ところがここにきてあまり世間で知られていない文化人を取り上げるという驚きの人選でした。
タイトルは「べらぼう~蔦重栄華乃夢噺(つたじゅうえいがのゆめばなし)~」。
「べらぼう」とは「たわけ者」や「バカ者」という意味でしたが、時が経つにつれ「甚だしい」とか「ケタ外れな」という別の意味が主流になりました。
これには「普通ではない」とか「常識はずれな」スゴイ奴というニュアンスが感じられます。
後の江戸言葉「べらんめえ」の語源になったと言われています。
時代の常識をブチ破る「かぶきもの」や「バサラ」という言葉に近いですね。
常識はずれな発想と行動で新しいビジネスの形を生み出した姿に「べらぼう」な奴という言葉がピッタリきますね。
このべらぼうな男の周りに、一癖も二癖もある人物たちが絡んできます。
老中・田沼意次の活躍した時代、良くも悪くも自由な気風が満ちた時代でした。
そんな時代に花開いた町人文化の中、活き活きと暮らす江戸の人々の喜怒哀楽を描く作品になるのでしょうね。

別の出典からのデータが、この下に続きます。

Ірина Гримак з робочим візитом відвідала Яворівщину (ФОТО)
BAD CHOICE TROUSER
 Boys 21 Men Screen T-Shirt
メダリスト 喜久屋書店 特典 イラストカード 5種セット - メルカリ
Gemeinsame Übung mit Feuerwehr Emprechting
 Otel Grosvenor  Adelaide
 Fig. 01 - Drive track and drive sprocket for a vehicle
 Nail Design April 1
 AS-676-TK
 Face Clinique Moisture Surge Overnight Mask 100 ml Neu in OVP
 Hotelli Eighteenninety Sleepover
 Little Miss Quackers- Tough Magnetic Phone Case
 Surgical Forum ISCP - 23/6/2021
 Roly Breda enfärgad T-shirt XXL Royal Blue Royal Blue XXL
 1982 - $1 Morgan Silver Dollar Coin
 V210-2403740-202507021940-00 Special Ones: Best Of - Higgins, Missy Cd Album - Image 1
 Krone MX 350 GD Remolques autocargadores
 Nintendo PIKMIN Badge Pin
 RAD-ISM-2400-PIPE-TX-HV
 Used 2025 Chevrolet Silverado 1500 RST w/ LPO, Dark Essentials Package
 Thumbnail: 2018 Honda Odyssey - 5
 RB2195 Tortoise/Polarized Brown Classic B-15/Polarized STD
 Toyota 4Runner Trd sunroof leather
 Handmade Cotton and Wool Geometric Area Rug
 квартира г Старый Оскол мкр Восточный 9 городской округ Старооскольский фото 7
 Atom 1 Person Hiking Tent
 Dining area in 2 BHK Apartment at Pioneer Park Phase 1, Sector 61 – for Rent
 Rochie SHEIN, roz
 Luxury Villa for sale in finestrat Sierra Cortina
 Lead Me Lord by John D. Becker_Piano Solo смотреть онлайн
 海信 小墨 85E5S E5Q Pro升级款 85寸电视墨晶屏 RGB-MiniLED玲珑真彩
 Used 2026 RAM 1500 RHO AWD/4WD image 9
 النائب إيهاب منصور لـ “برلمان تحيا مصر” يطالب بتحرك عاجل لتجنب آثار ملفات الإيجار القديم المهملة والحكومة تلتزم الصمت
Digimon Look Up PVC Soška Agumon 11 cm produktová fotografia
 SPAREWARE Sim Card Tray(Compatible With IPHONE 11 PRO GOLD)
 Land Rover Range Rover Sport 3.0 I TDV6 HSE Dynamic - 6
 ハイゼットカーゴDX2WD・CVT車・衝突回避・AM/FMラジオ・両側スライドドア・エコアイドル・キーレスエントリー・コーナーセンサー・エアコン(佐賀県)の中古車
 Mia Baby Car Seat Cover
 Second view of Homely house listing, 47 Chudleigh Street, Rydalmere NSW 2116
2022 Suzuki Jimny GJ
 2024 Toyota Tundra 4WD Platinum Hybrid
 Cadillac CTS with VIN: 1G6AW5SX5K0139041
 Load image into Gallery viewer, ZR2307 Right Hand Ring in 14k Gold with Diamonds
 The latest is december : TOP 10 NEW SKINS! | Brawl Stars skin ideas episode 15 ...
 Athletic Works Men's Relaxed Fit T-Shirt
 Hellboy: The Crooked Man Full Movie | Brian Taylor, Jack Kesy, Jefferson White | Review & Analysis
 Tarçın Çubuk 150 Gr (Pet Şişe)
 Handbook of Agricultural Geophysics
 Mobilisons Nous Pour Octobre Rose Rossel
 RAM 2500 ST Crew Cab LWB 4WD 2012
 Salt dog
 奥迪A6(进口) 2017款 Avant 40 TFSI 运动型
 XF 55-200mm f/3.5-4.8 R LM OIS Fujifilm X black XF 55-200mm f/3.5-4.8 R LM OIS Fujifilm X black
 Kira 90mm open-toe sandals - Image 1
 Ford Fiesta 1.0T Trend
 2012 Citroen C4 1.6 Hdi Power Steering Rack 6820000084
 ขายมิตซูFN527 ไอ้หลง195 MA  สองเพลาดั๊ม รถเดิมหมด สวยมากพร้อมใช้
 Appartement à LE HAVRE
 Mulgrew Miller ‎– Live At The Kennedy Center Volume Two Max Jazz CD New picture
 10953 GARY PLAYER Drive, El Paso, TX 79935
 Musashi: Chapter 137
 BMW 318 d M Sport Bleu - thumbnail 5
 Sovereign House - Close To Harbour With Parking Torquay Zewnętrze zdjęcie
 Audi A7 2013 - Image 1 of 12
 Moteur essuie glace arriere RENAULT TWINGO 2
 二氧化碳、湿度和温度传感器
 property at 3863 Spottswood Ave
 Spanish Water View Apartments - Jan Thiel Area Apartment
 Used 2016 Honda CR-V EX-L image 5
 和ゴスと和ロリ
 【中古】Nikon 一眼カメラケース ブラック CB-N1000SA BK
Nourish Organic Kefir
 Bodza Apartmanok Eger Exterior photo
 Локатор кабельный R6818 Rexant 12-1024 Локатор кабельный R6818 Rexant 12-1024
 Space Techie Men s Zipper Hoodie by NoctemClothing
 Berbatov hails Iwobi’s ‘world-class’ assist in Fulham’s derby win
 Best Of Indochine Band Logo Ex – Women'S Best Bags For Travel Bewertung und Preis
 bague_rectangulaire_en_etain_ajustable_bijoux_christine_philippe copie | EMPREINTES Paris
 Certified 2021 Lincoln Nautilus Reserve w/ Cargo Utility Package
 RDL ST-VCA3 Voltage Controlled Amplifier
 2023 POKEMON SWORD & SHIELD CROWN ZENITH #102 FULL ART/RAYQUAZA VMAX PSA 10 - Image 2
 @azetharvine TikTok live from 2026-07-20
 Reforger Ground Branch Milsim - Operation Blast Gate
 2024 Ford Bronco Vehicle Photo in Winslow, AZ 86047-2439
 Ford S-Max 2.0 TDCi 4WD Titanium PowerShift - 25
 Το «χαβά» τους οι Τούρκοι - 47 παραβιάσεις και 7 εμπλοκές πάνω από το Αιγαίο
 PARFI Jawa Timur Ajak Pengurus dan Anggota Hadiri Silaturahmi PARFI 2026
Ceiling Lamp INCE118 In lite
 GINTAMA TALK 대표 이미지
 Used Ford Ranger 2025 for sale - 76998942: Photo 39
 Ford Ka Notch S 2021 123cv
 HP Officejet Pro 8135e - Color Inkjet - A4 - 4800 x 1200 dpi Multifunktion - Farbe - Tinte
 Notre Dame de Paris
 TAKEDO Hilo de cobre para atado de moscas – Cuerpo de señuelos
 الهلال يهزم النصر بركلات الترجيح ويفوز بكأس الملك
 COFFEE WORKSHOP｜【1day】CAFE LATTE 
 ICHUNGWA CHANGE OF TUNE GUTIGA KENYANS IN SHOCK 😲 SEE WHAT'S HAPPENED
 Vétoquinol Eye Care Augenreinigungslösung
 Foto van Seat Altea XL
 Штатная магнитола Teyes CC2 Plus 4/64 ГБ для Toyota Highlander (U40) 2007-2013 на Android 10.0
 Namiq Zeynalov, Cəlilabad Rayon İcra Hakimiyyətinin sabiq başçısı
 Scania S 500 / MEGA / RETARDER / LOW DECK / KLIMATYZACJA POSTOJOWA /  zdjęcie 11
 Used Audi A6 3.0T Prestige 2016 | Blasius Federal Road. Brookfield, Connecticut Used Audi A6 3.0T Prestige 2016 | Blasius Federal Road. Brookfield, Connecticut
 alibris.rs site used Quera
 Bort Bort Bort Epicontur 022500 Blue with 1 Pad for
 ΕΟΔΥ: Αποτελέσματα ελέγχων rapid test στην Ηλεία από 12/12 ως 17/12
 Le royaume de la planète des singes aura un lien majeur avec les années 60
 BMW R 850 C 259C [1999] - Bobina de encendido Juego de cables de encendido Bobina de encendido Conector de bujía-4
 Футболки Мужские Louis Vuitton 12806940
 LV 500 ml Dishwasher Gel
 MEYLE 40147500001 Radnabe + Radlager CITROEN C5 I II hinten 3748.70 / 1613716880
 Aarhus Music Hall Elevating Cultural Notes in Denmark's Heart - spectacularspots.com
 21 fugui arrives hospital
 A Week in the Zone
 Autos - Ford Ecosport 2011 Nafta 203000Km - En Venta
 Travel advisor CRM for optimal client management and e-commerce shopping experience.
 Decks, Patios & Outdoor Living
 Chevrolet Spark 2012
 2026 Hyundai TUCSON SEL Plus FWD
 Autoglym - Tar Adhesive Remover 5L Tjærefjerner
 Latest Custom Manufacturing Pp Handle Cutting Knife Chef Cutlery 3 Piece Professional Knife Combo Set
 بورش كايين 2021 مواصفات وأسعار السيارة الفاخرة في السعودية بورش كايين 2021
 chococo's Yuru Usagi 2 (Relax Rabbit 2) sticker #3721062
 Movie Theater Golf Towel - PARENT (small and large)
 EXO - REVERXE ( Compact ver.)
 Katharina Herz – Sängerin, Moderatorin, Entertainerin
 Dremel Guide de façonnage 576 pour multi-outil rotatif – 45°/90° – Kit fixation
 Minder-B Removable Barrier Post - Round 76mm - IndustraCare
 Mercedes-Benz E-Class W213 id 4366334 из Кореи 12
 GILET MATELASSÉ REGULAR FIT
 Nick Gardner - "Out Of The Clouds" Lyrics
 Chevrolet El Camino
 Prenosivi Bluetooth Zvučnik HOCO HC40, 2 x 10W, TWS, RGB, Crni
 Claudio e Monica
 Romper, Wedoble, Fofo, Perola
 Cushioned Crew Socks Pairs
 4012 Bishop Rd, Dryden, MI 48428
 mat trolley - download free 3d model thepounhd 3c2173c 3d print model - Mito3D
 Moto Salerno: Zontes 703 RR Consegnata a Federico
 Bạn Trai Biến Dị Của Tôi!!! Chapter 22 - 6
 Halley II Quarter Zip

放送100年の節目を飾るのに相応しい作品ではないでしょうか。
蔦屋重三郎をめぐる人物達
べらぼうな男・蔦屋重三郎の周りには、これまた負けず劣らずのべらぼうな人物たちが登場します。
田沼意次(たぬま おきつぐ)
徳川9代将軍・家重と10代将軍・家治の治世に老中として大いに権力をふるい、賄賂の横行など政治的には腐敗したが、統制の無いその自由な気風の中で町人文化が花開いた。
田沼時代と呼ばれたこのハチャメチャな時代があったからこそ、蔦屋重三郎の躍進もあったと言えるでしょう。
平賀源内(ひらが げんない)
エレキテルの復元や土用のウナギなど愉快なエピソードで有名な江戸の天才発明家。
蔦屋重三郎が若い頃に手がけた吉原のガイドブック「吉原細見」の序文を書いたのが平賀源内でした。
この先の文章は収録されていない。